» Given data:
______________________________

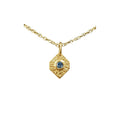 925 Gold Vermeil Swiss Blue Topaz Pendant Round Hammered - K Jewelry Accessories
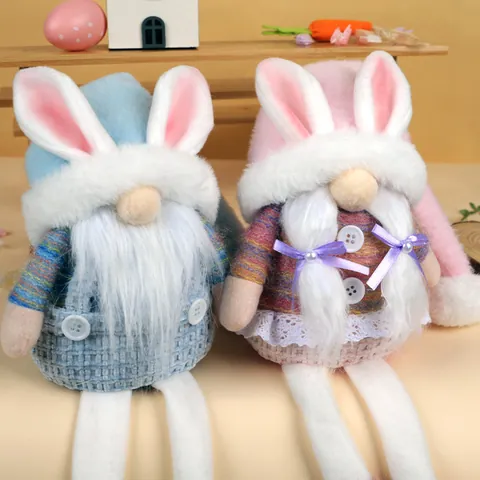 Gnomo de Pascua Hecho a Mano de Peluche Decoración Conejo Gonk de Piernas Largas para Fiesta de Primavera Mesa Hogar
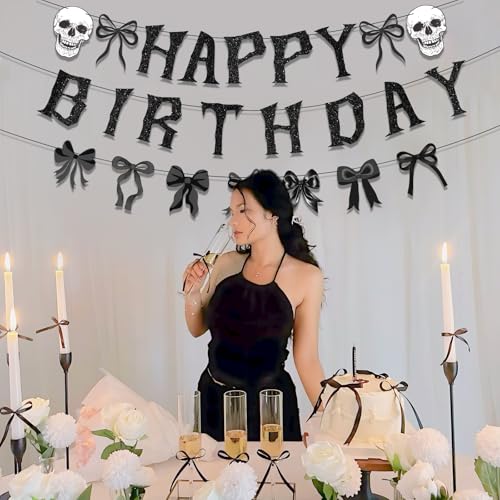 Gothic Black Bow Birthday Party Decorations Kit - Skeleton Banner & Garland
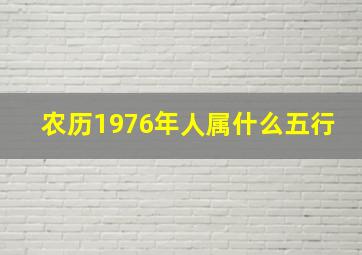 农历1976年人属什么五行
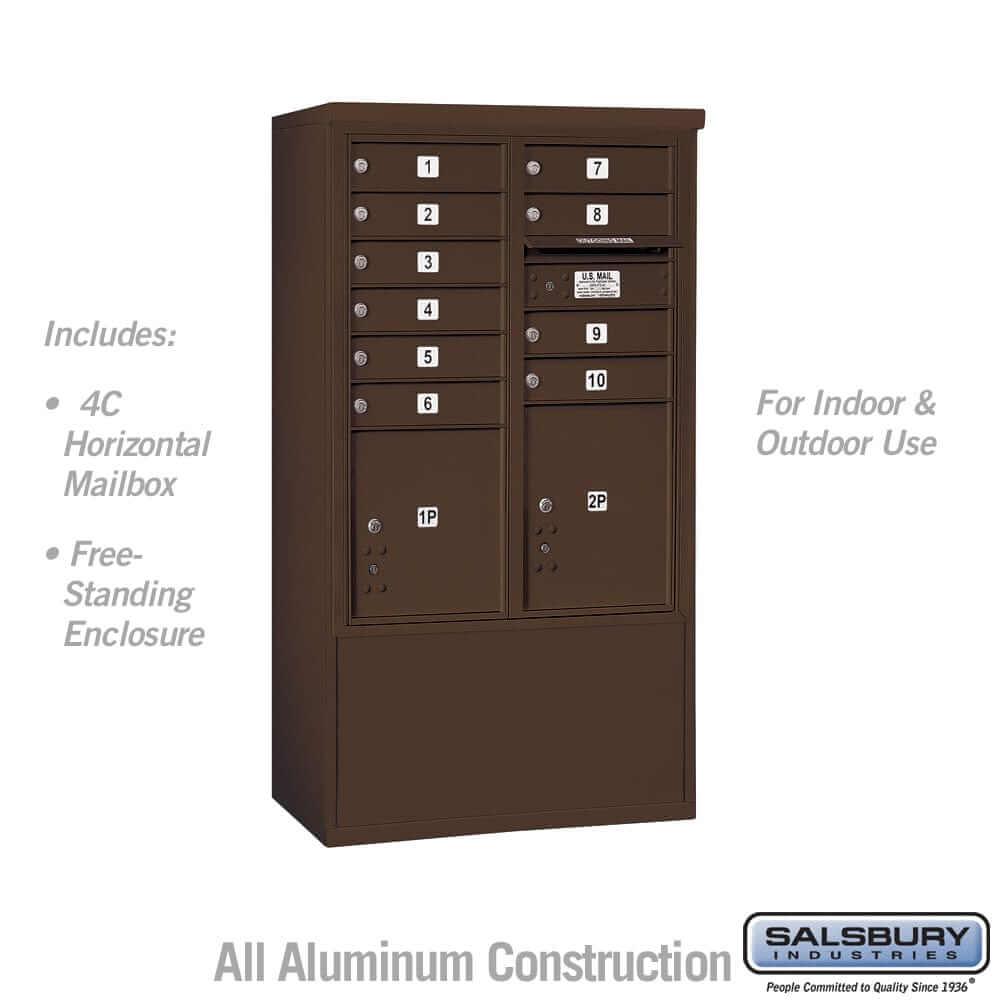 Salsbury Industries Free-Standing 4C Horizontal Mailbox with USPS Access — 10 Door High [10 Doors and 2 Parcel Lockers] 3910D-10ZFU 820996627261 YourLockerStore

______________________________

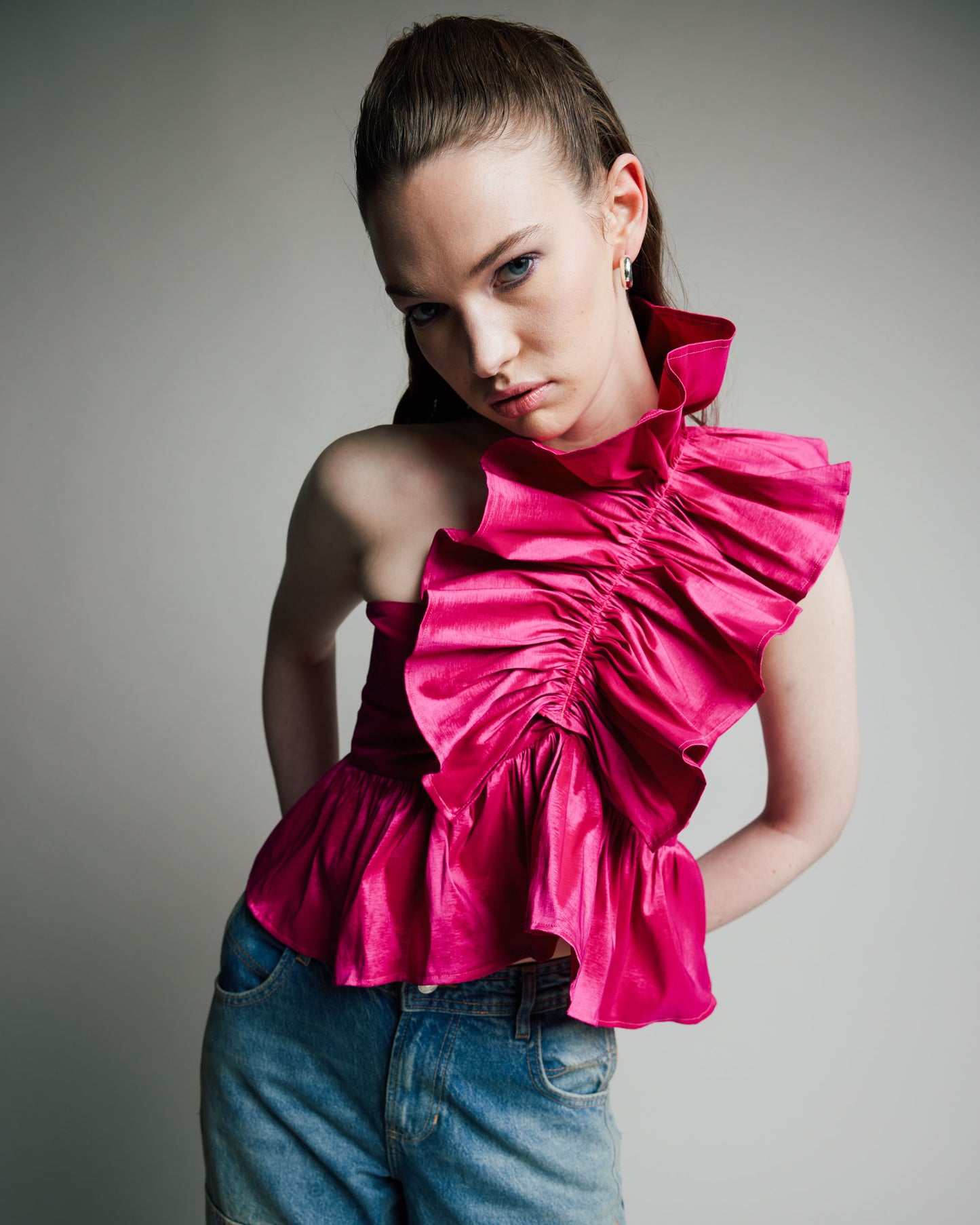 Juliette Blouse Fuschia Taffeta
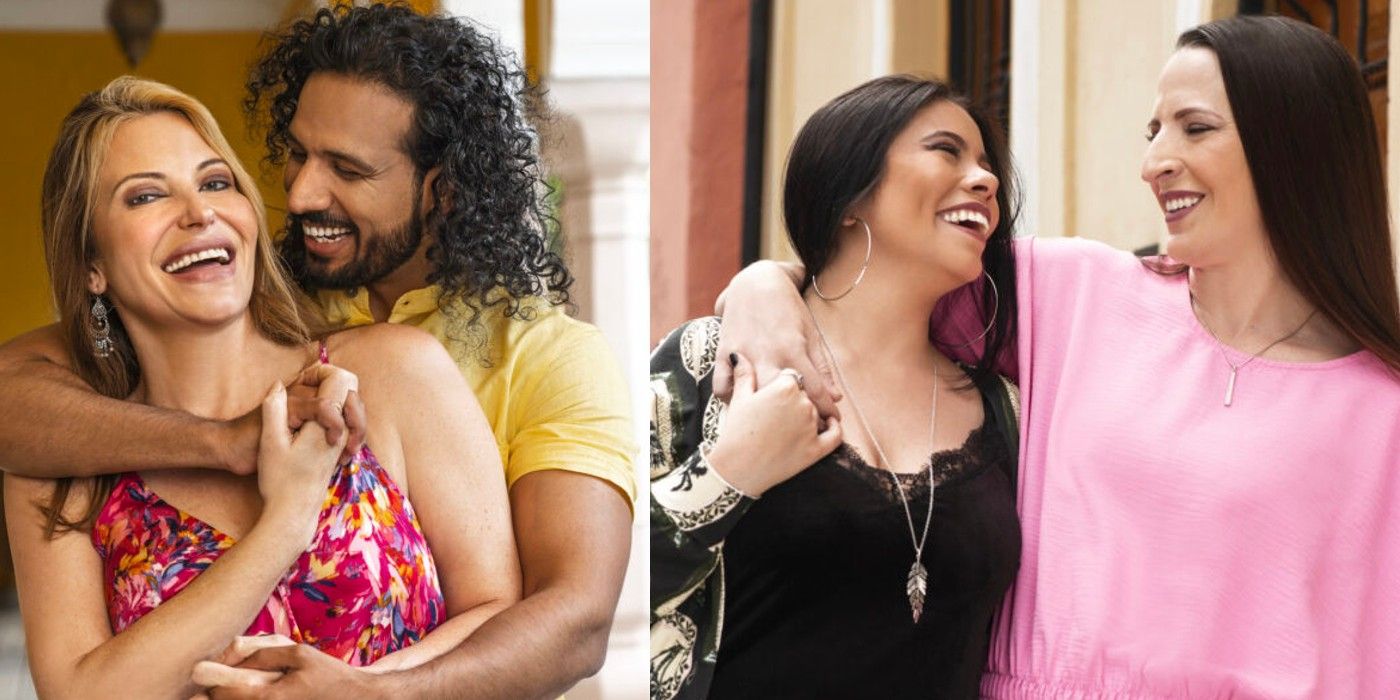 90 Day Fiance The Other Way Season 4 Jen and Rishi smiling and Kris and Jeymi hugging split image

______________________________

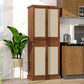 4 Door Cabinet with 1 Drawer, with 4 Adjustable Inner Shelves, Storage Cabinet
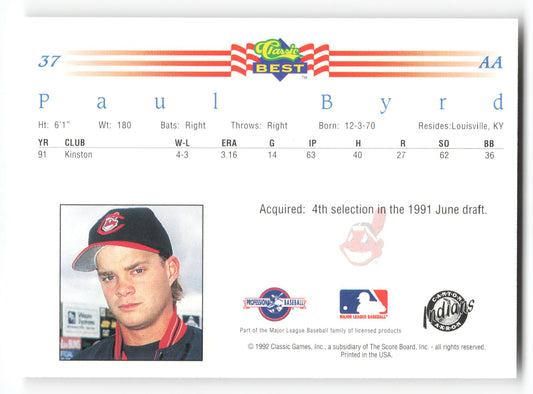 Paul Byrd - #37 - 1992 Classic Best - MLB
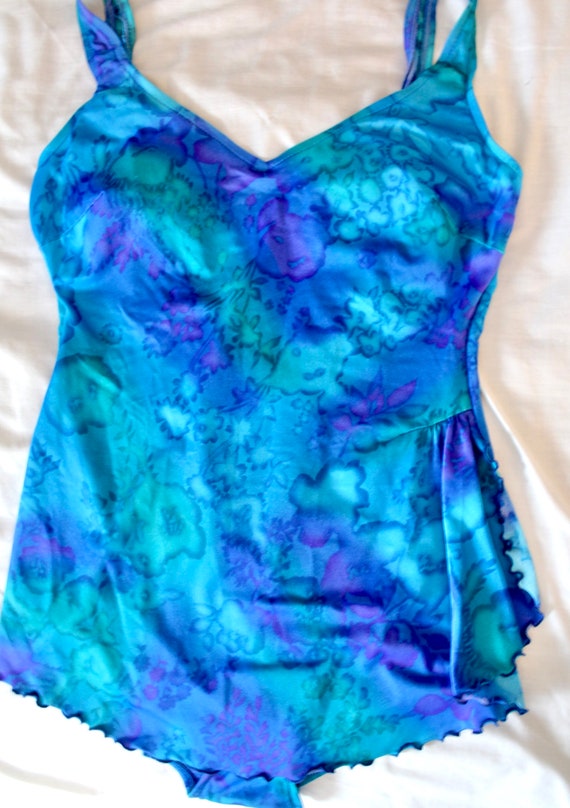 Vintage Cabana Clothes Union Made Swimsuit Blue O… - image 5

______________________________

» Task item: Starting at the line above that has "4 Door Cabinet" and ending at the line that has "Vintage Cabana Clothes", copy each line exactly, leaving the pictures out and adding nothing.

» Output for this task:
 4 Door Cabinet with 1 Drawer, with 4 Adjustable Inner Shelves, Storage Cabinet
 Paul Byrd - #37 - 1992 Classic Best - MLB
 Vintage Cabana Clothes Union Made Swimsuit Blue O… - image 5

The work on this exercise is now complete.